"Matins de couvre-feu": L’écrivaine Tanella Boni nous tend le miroir de nos travers
On aurait tort de sous-estimer le potentiel romanesque de l’actualité. Surtout lorsqu'elle est dramatique. En 2005, la Côte d'Ivoire traverse depuis 3 ans l'une des plus graves crises politico-militaires de son histoire. Les populations sont prises en otage par les groupes armés belligérants qui imposent leurs diktats. C'est ce calvaire que Tanella Boni nous raconte de façon prodigieuse dans "Matins de couvre-feu" qui a obtenu le prix Kourouma en 2005.
Réédité par les éditions Nimba, ce livre, admirablement écrit, nous replonge dans les heures les plus sombres de l'histoire de la Côte d'Ivoire post-indépendance. Philosophe, essayiste, poétesse et romancière, Tanella Boni, en véritable artiste du verbe, sait prendre de la hauteur ou déchoir pour livrer une satire pleine d'humour et, par moments, féroce d'une Côte d'Ivoire en proie à ses démons : tueries, tribalisme, pauvreté, prévarication, montée de la xénophobie etc. Un tableau sombre peint de manière lumineuse par l'une des écrivaines majeures de la littérature ivoirienne.
Dans "Matins de couvre-feu", on suit les tribulations d'une femme, victime de l’arbitraire qui se retrouve assignée à résidence pour neuf mois. Et les méfaits d'Arsène Kâ, redoutable chef qui s’empare des biens privés et tue en toute impunité.

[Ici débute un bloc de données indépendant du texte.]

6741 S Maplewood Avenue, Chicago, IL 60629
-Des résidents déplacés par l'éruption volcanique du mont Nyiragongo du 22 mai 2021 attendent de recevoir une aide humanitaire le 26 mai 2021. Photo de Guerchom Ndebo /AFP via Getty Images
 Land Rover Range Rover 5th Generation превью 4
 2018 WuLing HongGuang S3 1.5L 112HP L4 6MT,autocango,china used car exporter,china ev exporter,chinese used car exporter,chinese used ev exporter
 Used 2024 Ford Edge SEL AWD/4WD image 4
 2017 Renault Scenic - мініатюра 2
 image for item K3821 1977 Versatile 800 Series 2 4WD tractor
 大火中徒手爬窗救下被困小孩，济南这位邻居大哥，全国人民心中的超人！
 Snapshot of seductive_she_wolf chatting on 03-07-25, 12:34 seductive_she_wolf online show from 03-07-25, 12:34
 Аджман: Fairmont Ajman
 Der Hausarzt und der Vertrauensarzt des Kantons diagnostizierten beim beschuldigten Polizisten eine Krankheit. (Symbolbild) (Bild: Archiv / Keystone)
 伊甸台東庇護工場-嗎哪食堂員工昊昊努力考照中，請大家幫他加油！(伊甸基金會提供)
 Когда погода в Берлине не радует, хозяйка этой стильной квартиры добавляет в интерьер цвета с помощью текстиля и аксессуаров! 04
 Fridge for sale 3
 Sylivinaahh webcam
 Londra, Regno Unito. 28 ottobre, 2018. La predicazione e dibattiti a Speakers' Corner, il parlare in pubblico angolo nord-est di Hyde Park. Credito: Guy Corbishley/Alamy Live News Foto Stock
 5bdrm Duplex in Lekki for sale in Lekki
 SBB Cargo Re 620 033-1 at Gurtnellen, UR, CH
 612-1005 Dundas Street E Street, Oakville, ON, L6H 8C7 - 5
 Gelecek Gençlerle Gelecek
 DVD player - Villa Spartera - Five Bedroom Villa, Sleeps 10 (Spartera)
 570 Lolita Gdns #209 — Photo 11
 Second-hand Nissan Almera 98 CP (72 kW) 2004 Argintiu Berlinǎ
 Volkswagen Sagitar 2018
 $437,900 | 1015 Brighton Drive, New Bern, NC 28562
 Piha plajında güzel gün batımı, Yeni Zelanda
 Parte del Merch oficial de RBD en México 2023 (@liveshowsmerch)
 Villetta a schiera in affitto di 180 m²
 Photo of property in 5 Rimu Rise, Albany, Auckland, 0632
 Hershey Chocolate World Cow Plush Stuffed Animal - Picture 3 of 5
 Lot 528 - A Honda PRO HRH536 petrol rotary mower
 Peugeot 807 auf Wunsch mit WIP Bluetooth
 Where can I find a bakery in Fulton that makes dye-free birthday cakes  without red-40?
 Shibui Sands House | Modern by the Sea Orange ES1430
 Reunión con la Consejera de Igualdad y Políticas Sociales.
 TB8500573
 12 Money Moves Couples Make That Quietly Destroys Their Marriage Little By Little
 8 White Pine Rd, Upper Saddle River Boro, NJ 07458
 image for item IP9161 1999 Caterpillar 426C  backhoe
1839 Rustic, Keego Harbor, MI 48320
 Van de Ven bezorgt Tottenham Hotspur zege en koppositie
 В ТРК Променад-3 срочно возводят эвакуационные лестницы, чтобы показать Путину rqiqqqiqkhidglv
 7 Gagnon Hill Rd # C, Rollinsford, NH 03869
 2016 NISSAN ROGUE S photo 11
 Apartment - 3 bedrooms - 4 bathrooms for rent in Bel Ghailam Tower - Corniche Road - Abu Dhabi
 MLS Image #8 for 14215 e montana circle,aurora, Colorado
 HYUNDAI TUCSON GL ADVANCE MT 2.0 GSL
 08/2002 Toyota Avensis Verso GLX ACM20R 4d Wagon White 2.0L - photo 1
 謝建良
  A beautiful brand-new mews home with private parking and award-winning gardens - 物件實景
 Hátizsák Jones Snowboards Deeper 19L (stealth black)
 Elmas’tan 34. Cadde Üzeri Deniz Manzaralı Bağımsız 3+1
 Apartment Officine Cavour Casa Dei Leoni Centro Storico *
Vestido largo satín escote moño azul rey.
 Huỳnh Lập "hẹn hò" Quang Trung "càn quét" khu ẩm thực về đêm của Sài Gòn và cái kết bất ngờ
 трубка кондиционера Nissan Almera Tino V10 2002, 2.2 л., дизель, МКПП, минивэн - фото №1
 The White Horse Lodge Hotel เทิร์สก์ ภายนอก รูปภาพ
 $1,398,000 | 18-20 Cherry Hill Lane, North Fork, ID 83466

La narratrice fait entrer le lecteur dans l’histoire de sa famille et de son pays. Elle tresse le lien entre elle et ce peuple qui n’en finit pas d’attendre l’aurore. Sensible, intelligent et poétique, ce roman, qui dresse un tableau intime et politique des commotions de notre temps, est aussi un plaidoyer du peuple qui n'aspire qu'à vivre en paix.